​‘Koronavirüs yılı’ maskeleri... Bir parça anı ve tarih

Tasarımcılar bu durumdan faydalanmayı reddediyor... Maske takanlar bu konuda ustalaşıyor

​‘Koronavirüs yılı’ maskeleri... Bir parça anı ve tarih
TT

​‘Koronavirüs yılı’ maskeleri... Bir parça anı ve tarih

​‘Koronavirüs yılı’ maskeleri... Bir parça anı ve tarih

Slovakya Cumhurbaşkanı Zuzana Caputova’nın insanların önüne yüzünün yarısını kaplayan ve elbisesiyle aynı renkte olan maskesi ile çıkması tartışmalara yol açtı. Bazıları Caputova’nın modaya ayak uydurmasını takdir ederken bazıları da durumun ciddiyetini küçümsediğini dile getirerek bu durumu hoş karşılamadı. Bunu olumlu karşılamayan kesim söz konusu maskenin sadece bir aksesuar olmadığını, herkese verilmesi ve güvenlik şartlarını sağlaması gereken sağlık araçlarından biri olduğunu savundu.
Maske kullanımının dünyanın dört bir yanına yayılması, yeni bir kültürün oluşacağına ve yakın zamana kadar özgürlük ve güvenlikle sarılan hayatı kapsayan yeni değişikliklerin kaydedileceğine işaret ediyor.
Hiç şüphesiz yüzlerinin yarısını bu maskeler ile örten her milletten ve yaştan insanların fotoğrafları, ‘koronavirüs (Kovid-19) yılı’ olarak bilinen 2020 için sembol olmaya devam edecek. Bununla birlikte çıplak gözle görülemeyen, yaşamlara son veren ve insanları sürekli bir panik halinde yaşamaya sürükleyen virüs karşısında duyulan tüm korku ve endişe akıllara gelecek. İnsanlar dezenfektanlar, karantina, sosyal mesafe ve maskeler dışında bu hastalıkla nasıl savaşacaklarını bilmiyor. Bunun yanı sıra koruyucu maskelerin 2020 yılında koronavirüsün (Kovid-19) patlak vermesiyle ortaya çıkan yeni bir şey olmadığını da belirtmek gerekir.
Maskeler yaygın olarak ilk kez geçen yüzyılın başlarında, Asya'daki salgınlardan ve hava kirliliğinden korunmak için kullanılmaya başlandı. Çinli yetkililer resmi olarak 1910'da ülkede yayılan bir salgından korunmak için bu maskelerin kullanımını benimsedi.

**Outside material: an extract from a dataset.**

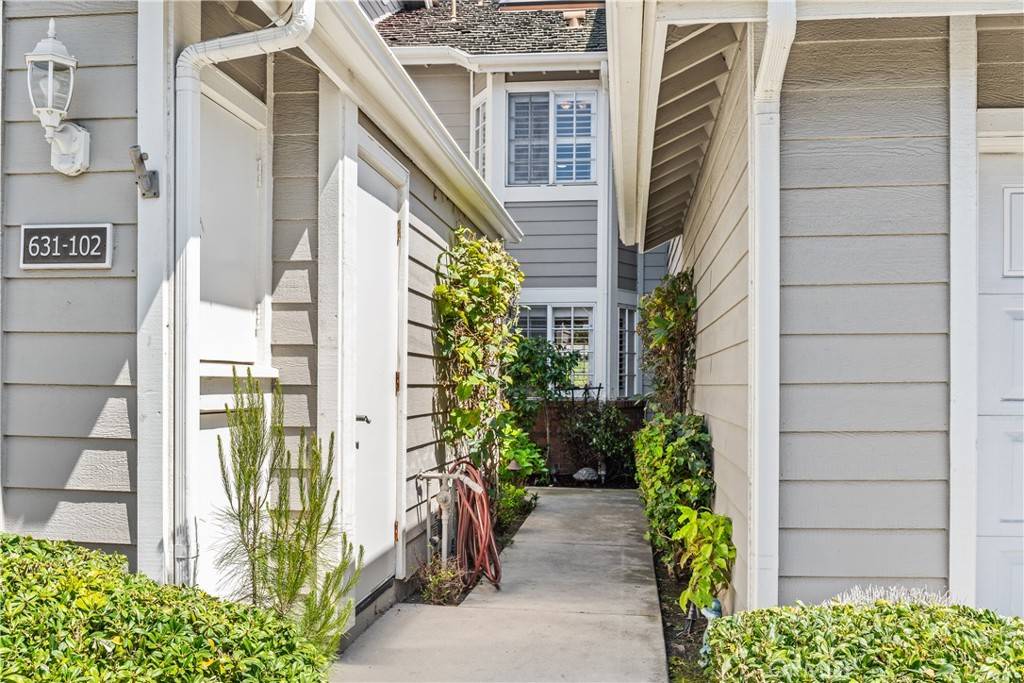 Long Beach, CA 90803,631 Holbrook CT #102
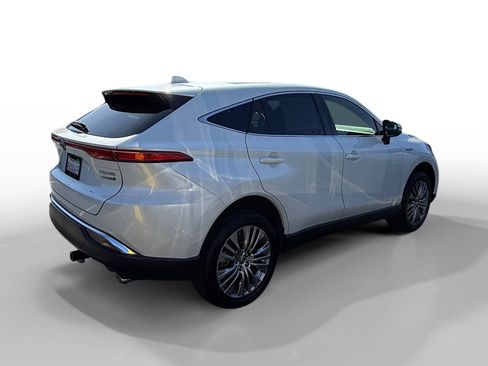 Used 2021 Toyota Venza Limited w/ Carpet Mat Package (TMS) AWD/4WD image 5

Ardından 1918'deki İspanyol Gribi ve 2003’teki SARS da dahil olmak üzere diğer salgınların ortaya çıkmasıyla maskelerin önemi de arttı. Böylece maskeler, toplum ruhunun ve insanların virüs bulaşır korkusuyla birbirlerinin kişisel alanlarına saygı duymasının bir göstergesi olarak Asya kültüründe baskın bir hale geldi. İnsanlar bugün bunu takdir ediyor ve saygı duyuyor. Ancak dün ve bugün arasında ne çok fark var!
Çin’in dışa açılımının ardından Paris, Londra ya da New York sokaklarında maskeleri ile alışveriş yapan Asyalıların görünümü alay ve küçümseme konusu olmuştu.
Bununla birlikte koronavirüs (Kovid-19) salgını küresel olarak yayılmaya başlar başlamaz bu maskeler ön plana çıktı. Bir gece içerisinde sokaklarda yüzlerinin yarısını bu maskelerle gizleyen insanların görünüşleri artık alay ve küçümseme sebebi olarak görülmemeye başladı. Aksine kenarları beyaz mavi maskeler diğerlerine karşı gösterilen sorumluluğun bir göstergesi oldu. Bunun yanı sıra bular sadece bunu takan kişilere güven vermiyor aynı zamanda bu milenyumu tanımlayan ve birçok şeyi değiştiren salgının hikayesini de anlatıyor.
Bununla birlikte maskelerin şu ana kadar bazı insanların moda tutkusunu etkilemediği görünüyor. Bu kişiler için korunma, eşsizlik ve şıklıktan vazgeçmek anlamına gelmiyor. Görünen o ki Slovakya Cumhurbaşkanı da söz konusu kimseler gibi düşünüyor. Bazı tasarımcılar maskelerin önemini fark etti ancak hayal güçlerini dizginlemeye çalıştılar. Geçtiğimiz ocak ayındaki son gösterilerinde mevcut durumun gerektirdiği bir işlevsel parça olarak maskelerin kullanımını sınırlandırdılar. ‘Off-White’ markasının tasarımcısı Virgil Abloh dışında hiçbir tasarımcı maskelerin moda aksesuarı olarak kullanılmasını öne sürmedi. Herkes durumu kendi çıkarı için kullanmak ve Makyevelist olmakla suçlanmaktan korkuyordu. Oysa bazıları sokaklarda görünen, Swarovski taşlarıyla bezenmiş, ya da büyük moda evlerinin simgesini taşıyan işlemelerle bu maskelerin nereden geldiğini sorabilir.
Bu sorunun cevabı ise ‘Fendi’ ve ‘Off-White’ın 2014 ile 2015 yıllarındaki şovlarında gizli. Aynı zamanda Gucci virüs salgınından önce şarkıcı Billie Eilish’e Grammy Ödülleri töreninde takması için bir maske tasarlamıştı. Şarkıcının fotoğrafları birçok dergi ve gazetede yayınlanmıştı ancak bu o sıralarda sadece göz kamaştırmak ve dikkat çekmek için kullanılıyordu.
Son zamanlardaki moda şovlarında, moda sevdalılarının bireysel çalışmaları da ortaya çıktı. Bunlardan ilki kamelya çiçekleri ile bezenmiş bir maske ile Chanel şovuna katılan bir konuk, diğeri ise ‘Fendi’ şovuna üzerinde markanın sembolünün işlendiği bir eşarp ile kıvrılmış maske takan biriydi...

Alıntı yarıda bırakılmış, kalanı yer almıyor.